INPUT RECORDS:
- - - - -

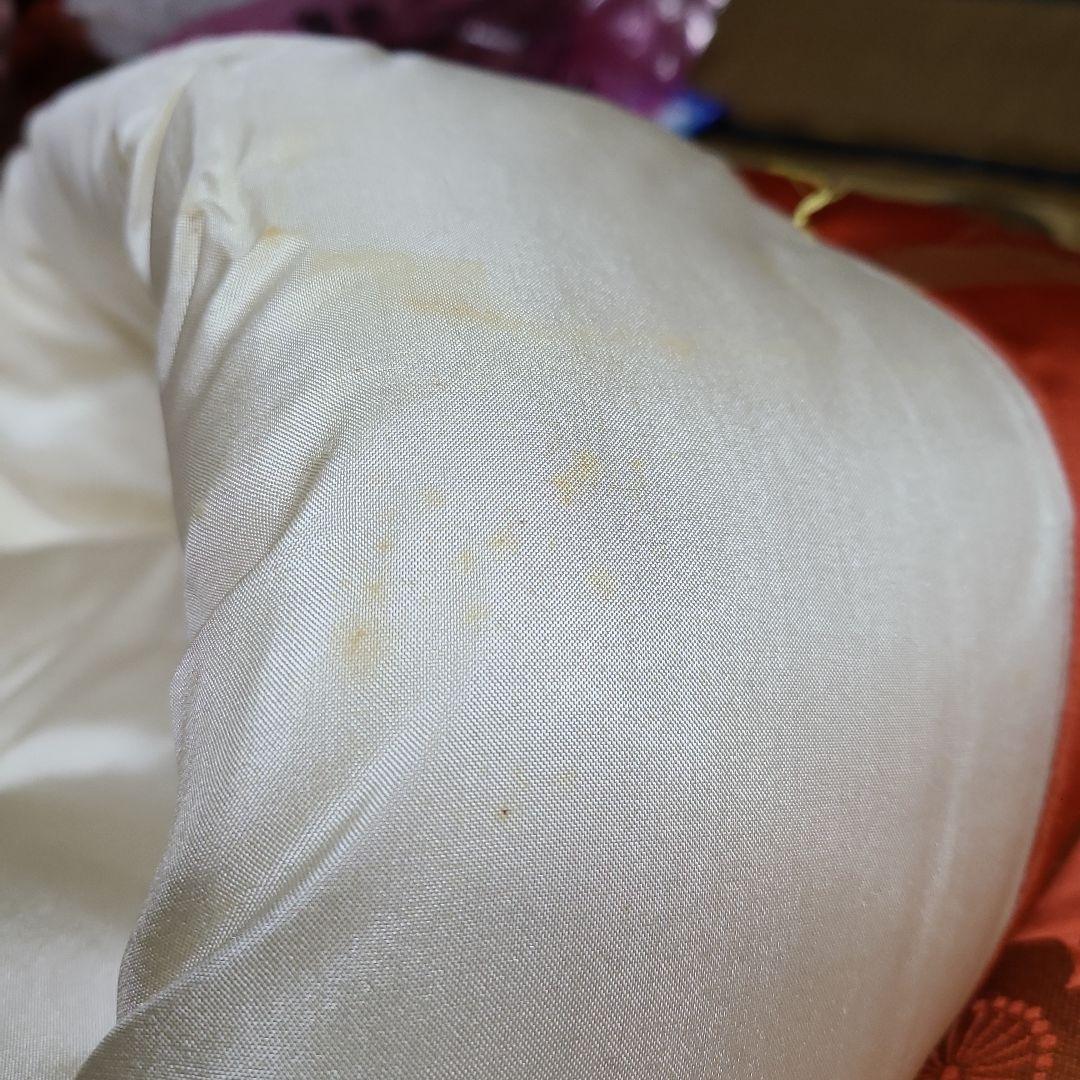 【未使用】高級掛け布団　絹　高級綿　緞子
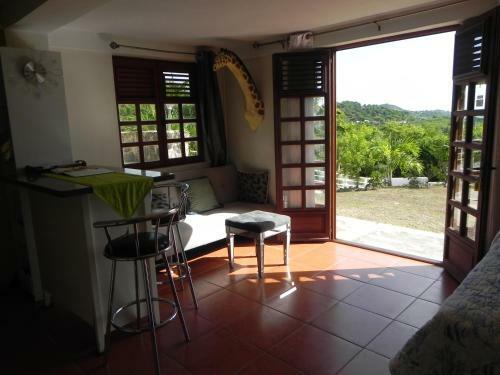 Apartamento Villa Touloulou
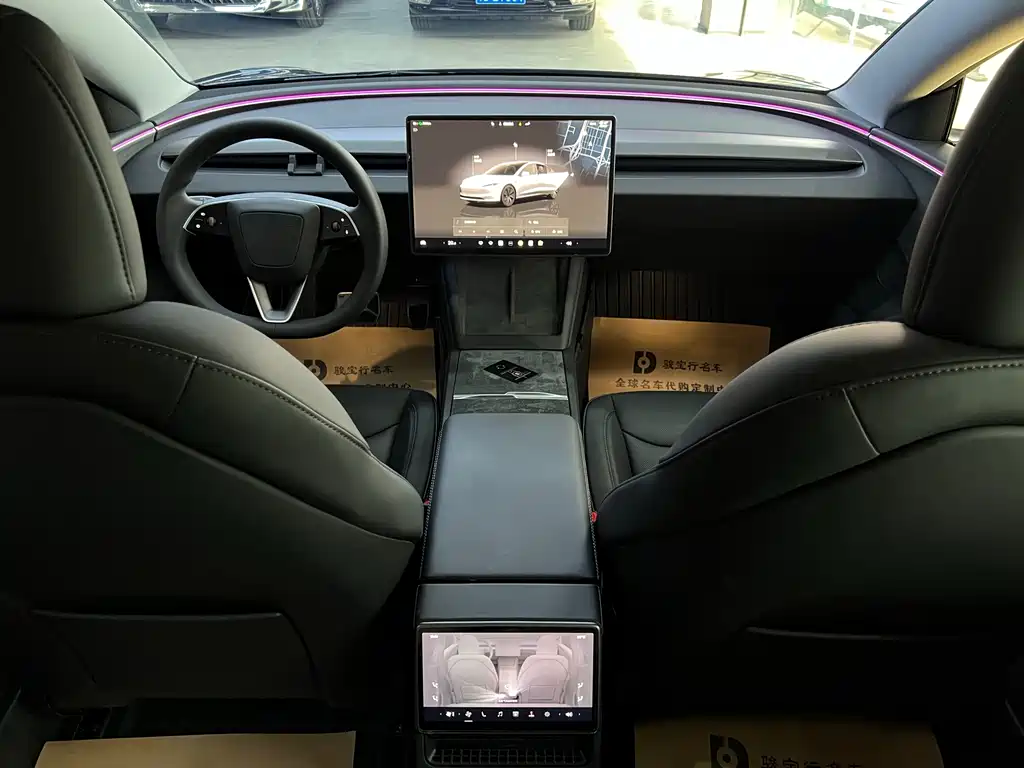 Tesla Model 3 — миниатюра 11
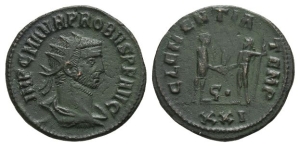 Probus BI Antoninianus.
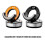 Adjustable Car Mobile Phone Stand Having Strong Suction-Orange 6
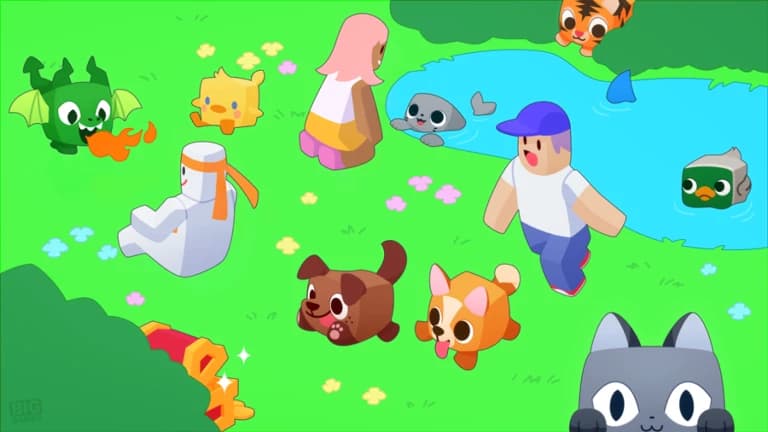 Pet Simulator X | Daycare & Auto-Farm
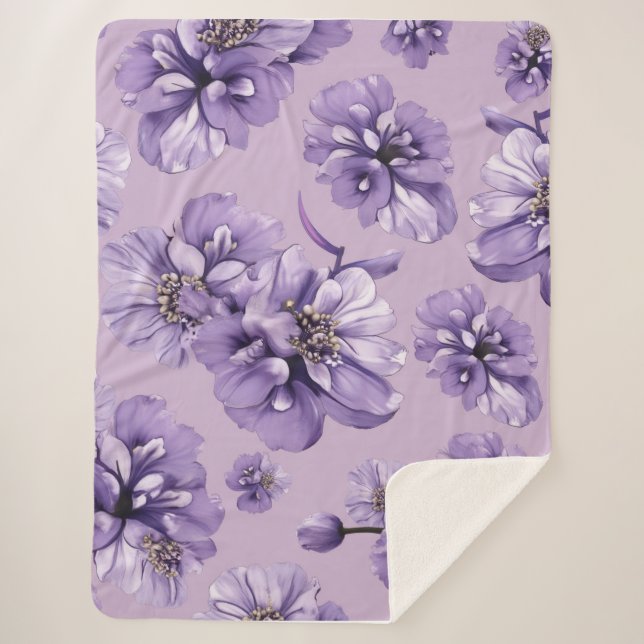 Cobertor Sherpa Sherpa Blanket (Frente)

- - - - -

ASSIGNMENT:
The result should be a precise copy of all the entries, free of pictures.

RESULT OF THE TASK:
 【未使用】高級掛け布団　絹　高級綿　緞子
 Apartamento Villa Touloulou
 Tesla Model 3 — миниатюра 11
 Probus BI Antoninianus.
 Adjustable Car Mobile Phone Stand Having Strong Suction-Orange 6
 Pet Simulator X | Daycare & Auto-Farm
 Cobertor Sherpa Sherpa Blanket (Frente)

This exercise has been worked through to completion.